What needs to be done: Set down, unchanged, the line with "فيلا للإيجار في" and everything after it through the last line of the data.

Information provided:

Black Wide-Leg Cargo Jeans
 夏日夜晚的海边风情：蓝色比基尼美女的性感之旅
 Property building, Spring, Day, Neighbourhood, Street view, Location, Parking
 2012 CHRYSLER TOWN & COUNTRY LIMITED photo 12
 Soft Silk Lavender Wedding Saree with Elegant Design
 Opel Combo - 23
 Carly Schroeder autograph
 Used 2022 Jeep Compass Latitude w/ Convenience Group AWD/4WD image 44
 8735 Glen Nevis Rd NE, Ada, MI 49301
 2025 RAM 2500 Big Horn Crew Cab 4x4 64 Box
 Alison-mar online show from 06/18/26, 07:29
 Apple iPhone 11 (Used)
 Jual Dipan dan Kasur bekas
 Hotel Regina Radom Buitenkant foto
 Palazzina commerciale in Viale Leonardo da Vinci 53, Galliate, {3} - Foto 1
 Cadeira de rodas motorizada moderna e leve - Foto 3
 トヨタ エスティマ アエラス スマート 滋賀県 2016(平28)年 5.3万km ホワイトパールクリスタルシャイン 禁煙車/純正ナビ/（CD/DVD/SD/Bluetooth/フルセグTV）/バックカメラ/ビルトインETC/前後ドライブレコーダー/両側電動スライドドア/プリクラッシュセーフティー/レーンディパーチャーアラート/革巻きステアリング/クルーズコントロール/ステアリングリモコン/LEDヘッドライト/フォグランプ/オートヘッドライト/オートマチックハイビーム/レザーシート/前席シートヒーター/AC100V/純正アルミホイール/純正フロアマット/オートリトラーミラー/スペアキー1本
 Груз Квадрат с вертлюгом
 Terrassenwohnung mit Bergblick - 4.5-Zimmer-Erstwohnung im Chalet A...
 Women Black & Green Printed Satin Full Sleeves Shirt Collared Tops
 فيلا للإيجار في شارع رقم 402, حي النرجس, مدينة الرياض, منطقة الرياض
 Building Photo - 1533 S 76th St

Exercise answer:
 فيلا للإيجار في شارع رقم 402, حي النرجس, مدينة الرياض, منطقة الرياض
 Building Photo - 1533 S 76th St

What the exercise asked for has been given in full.